Referring to Freud’s theory of psychoanalysis, Cixous states her concern of being overshadowed by the phallic symbol that women could never wield, yet man who is supposed to brandish it is in constant fear of castration. This fear is seen through the double standards around the treatment of men and women who lose their spouses. Widows are repressed through patriarchal indoctrination that forbids them from romantic love because their worth is tied to her husband's life and is expected to diminish or cease to exist with the husband’s death. We see Gainda endure complete material, physical and emotional annihilation as Bahu's unhealthy child born out of wedlock is celebrated while Gainda is beaten up and starved for having a healthy baby as an unfortunate result of her carnal desires. This story represents how while men benefit from phallocentric ideals, women’s autonomy is constantly silenced.
The Mole is a story about Rani, a girl picked up from the street by an artist named Choudhry to be his muse. Throughout the story, it is seen that Rani exudes her sexuality instead of repressing it like young girls her age are taught to. Her sexuality is what enrages Choudhry and ultimately deems her unmanageable. He uses words like whore and illiterate chit to describe her.
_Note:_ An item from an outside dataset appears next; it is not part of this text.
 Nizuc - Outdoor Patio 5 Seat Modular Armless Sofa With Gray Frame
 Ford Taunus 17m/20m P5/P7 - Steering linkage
Cixous reminds us of the patriarchal nature of the Medusa myth that articulated falsehood. She does so with reference to sirens who were female enchantresses enticing men in order to drain all their vigour. She claims this castration anxiety to be a masculine construct and calls men the real sirens. Cixous reclaims the myth by creating a laughing Medusa who refuses to take on the patriarchal role assigned to her. In relation to this, we see that Rani's dark skin shadows all of Choudhry's thoughts and transforms his art into bizarre and frightening shades. Rani’s skin colour keeps changing shades in his eyes because of which he couldn’t put her down on canvas. His inability to paint her is metaphorical to his inability to put her dynamic nature and unapologetic sexuality in a labelled box. While he reprimands her for being ‘loose’, he himself is ironically fixated on her mole. When he is accused of sexually exploiting Rani, he wishes he were an accomplice even though he is innocent. Choudhry’s character represents the hypocritical mind-sets of men who create womanly morality for the sole purpose of keeping them in control while also looking for opportunities to prey on them.
Through Ismat Chughtai’s collection of short stories we understand the phallocentric nature of patriarchy that represses female sexuality thereby repressing their expression. This can be undone through women writing their sexual narratives freely and in doing so, taking control of their autonomy. Through characters like Begum Jaan, Rabbu, the little girl, Gainda, Bibi and Rani; Ismat Chughtai rejects the phallocentric ideals and in turn celebrates female writing through their sexuality.
Chughtai, Ismat. "Gainda." The Quilt: Stories. n.d.
Chughtai, Ismat. "The Mole (Til)." The Quilt: Stories. n.d.
Chughtai, Ismat. "The Quilt (Lihaf)." The Quilt: Stories. n.d.
Cixous, Hélène. "The Laugh of the Medusa." (1975).